Carl Jung can’t drive

March 4, 2011

Harrison’s report on Carl Jung, the collective unconscious, and the power of myth reminds me again of Northern Exposure.  “Show me a sane man and I will cure him for you.” That’s my kind of shrink.

 

The world without us?

March 2, 2011

We finish Nature’s Way today and get serious about midterm report presentations. All hands, please.

Buffalo and “Gone,” Black Elk’s medicine-bearing great white equine, symbolize the emergency of our time: “we had better conserve what is left and learn new values.” (For the record: Black Elk’s other horses of the apocalypse are “Thin” and “Too Many,” respectively heralding ozone depletion and overpopulation.)

How should we heed the steeds? We could begin by trying to reverse the annihilation of vast numbers of species. We could stop worshiping our “dead-zone” midwestern lawns (“midwestern” not geographically so much as in terms of horticultural sensibility, an “egalitarian conceit” in Michael Pollan’s charitable words) and decimating avian life. We could stop spreading our kudzu-like invasive dominance. And we could stop guzzling millions of years’ worth of fossil fuels annually.

But we’d best not look to shortcut short-term “solutions” like natural gas, which is scarce, dangerous to extract, and toxic. It’s not the clean green alternative it’s been portrayed as being.

In sum, we must get ourselves under control. We’re killing Mother Earth, says Eagle Man, daring her to be done with us. The threat of a world without us is no metaphor. A world without oil might be preferable. Is it time for a major transition?

“Tiger” craves freedom

February 28, 2011

Eagle Man tells us of fearless, freedom-loving Tiger today, and of the horse called Heat.

NOTE TO STUDENTS: Today’s exam, following another presentation or two, will not include material from the latest Nature’s Way reading assignment (ch.7-8).

Much to his credit, Eagle Man explicates tiger symbolism by promptly drawing our attention to “freedom from want” and then to mental freedom. “Most folks won’t budge an inch from the beliefs instilled in them since childhood.” There’s hope, though, that young people increasingly reject rigidity and crave “other points of view and the freedom to explore them.” That’s precisely the pluralism Wade Davis was pleading for at TED. (It’s what my alma mater’s mascot symbolized to me, too, back when I first started to study philosophy.)

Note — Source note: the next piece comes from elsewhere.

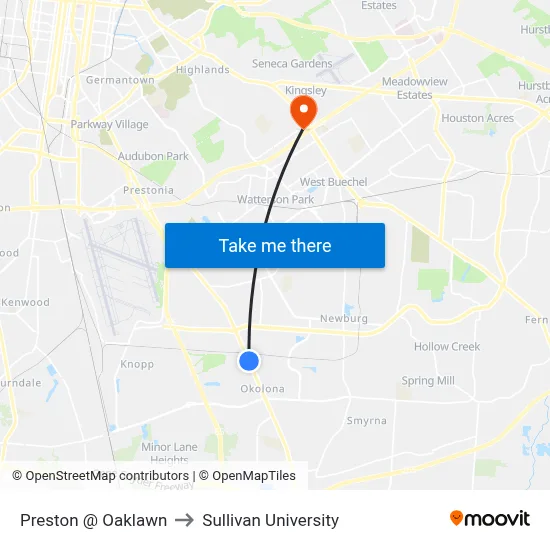 Preston @ Oaklawn to Sullivan University map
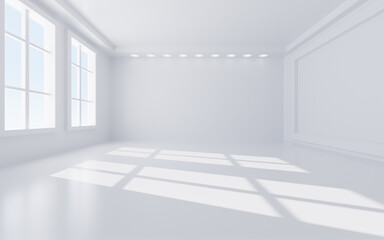 White interior building with windows, 3d rendering.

“We need to be allowed Tiger’s freedom as we walk our own trails of proof and error.”

Indigenous people “did not presume to have the only path to truth.”

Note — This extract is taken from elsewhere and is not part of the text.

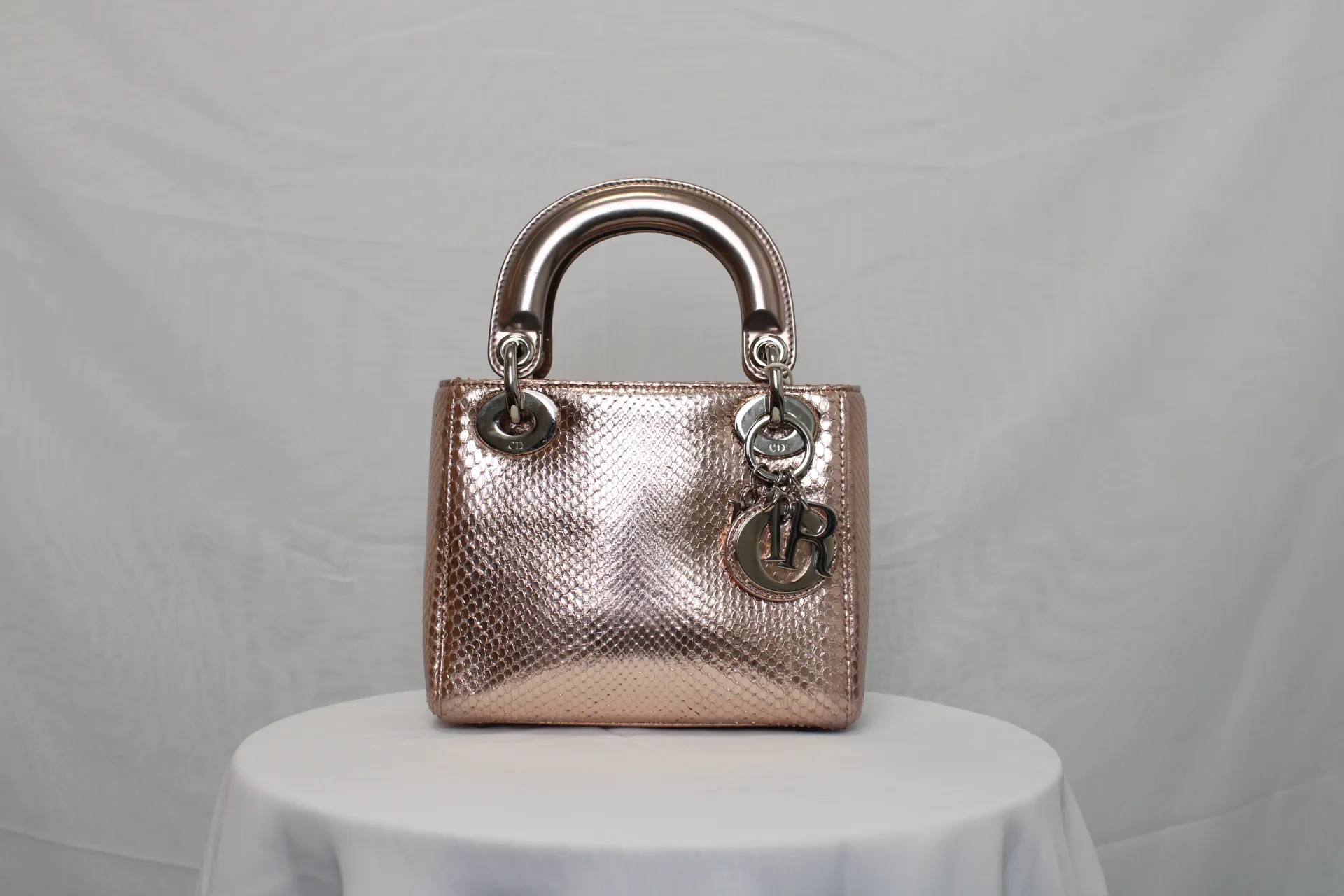 DIOR Mini Lady Dior Bag Rose Gold Leather Limited Version DIOR Mini Lady Dior Bag Rose Gold Leather Limited Version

“Creator has allowed us free will… and a free-thinking mind to insulate us from the dangerous dictates of zealous soothsayers… (spreading the doctrine of original sin and the like)… never give up your freedom to a human being…”

“…the only ‘real truth’ is what we can directly observe… A Nature-based spirituality cannot encompass a conventional religious hierarchy.”

Heat was the first horse of Black Elk’s apocalyptic vision, the symbolic embodiment of desecrating excess. The greenhouse effect is natural and good in delicate equilibrium, but we’ve thrown it catastrophically out of kilter. Eagle Man gathers the now-familiar facts of global warming, and extends them.

Did you know, for instance, that by the end of this century it is forecast that “ongoing warming will have enlarged the zone of potential malaria transmission from an area containing 45% of the world’s population to an area containing about 60%” and that “deaths related to heat waves is projected to double by 2020”?

And that’s only from the first horse’s mouth, there’s more. Kinda puts exam day in perspective.

[2010 set record global temperatures, tied with 2005 as hottest on record… the evidence at climatecrisis.net…floods & droughts in 2010]

heritage

February 26, 2011

More from an anthropologist impressed by Polynesian tradition, on valuing ancient wisdom and the intelligence of intuition and feeling.

“We live in a world bloated with data, yet starved for wisdom… The link between past and future is fragile…  Throughout the world there are cultures with vast sums of knowledge… The planet is our canoe, and we are the voyagers.”

This is a beautiful talk by Elizabeth Lindsey, and it’s inspired a spirited comments thread. I do have to admit some sympathy for this guarded reaction: “I’m leery of mysticism and elders who think they know best  due to some ancient tales.”